Bem entendido, nos meus projetos entravam viagens à Europa. Passava-me também a ideia de viajar aos Estados Unidos, mas devo confessar que a estátua da Liberdade me causava um horror pouco descritível. Ademais, eu fazia ideia dos Estados Unidos enquanto uma nação protestante, não tinha noção da existência de tantos católicos já naquele tempo, por causa da imigração italiana, irlandesa e uma série de outros fatores.
Ora, perto de minha casa havia uma igreja protestante, e eu sonhava em dar um tiro de canhão e derrubar a torre daquele templo herético. Pode-se imaginar que nada disso aumentava em mim a vontade de ir aos Estados Unidos. Exceto duas coisas que sempre me fascinaram: as Cataratas do Niágara e os Grandes Lagos. O resto, muito menos. Dos arranha-céus eu sentia uma fobia que não tem palavras!
Diante de dois caminhos
Assim, eu via se abrirem diante de mim dois caminhos diferentes, fora do pecado: um, o de gozar a vida; outro, carregando a cruz de Nosso Senhor Jesus Cristo, sofrendo perseguição, sendo detestado, odiado, ignorado, posto de lado pelos outros.

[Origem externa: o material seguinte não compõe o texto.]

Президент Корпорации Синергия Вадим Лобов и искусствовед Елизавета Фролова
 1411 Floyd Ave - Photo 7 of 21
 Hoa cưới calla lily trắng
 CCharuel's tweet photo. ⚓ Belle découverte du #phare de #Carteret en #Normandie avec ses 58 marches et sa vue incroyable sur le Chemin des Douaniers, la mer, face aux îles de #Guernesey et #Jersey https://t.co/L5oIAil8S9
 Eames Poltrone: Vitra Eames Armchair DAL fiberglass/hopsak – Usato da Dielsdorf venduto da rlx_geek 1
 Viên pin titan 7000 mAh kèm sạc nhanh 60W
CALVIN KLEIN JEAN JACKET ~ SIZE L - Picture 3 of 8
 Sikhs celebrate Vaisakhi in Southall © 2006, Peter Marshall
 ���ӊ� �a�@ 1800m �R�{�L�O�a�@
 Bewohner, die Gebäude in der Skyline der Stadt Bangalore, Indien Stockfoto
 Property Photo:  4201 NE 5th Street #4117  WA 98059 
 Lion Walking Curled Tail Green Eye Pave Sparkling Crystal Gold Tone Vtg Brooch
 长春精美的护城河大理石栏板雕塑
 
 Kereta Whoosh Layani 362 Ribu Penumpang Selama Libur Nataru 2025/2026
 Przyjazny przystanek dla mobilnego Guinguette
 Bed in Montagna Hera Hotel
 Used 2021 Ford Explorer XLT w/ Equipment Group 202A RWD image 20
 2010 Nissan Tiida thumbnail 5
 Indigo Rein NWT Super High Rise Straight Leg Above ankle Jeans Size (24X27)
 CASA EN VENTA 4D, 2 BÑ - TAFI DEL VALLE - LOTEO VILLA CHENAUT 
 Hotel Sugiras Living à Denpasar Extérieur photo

Essas duas tendências não cheguei a distingui-las logo. Porém os fatos se impuseram para mim, porque começou a batalha dentro do colégio. Então, passei a desenvolver uma luta raciocinada, política, naquele ambiente para disputar um lugar ao sol, que o silêncio velhaco e o abandono me negavam.
Iniciou-se, portanto, uma tática propriamente de um político, com habilidades maiores ou menores – não me tenho em conta de um grande político –, para, sozinho, virar de perna para o ar a política que se fazia contra mim.
Entrava até um tanto de guerra psicológica, a qual eu nem sabia existir, mas que, apalpando, ia percebendo: tal coisa se faz assim, tal outra daquele jeito, etc.
Então, alterei em parte a situação. Mas nessa ocasião tinha contra mim toda a Revolução e já formara o ideal da Contra-Revolução. Torci o pescoço da bruxa, não pensei mais na vida de grão-duque e tomei a cruz de Nosso Senhor Jesus Cristo!
(Extraído de conferência de 5/6/1991)
1) Situada no centro velho de São Paulo.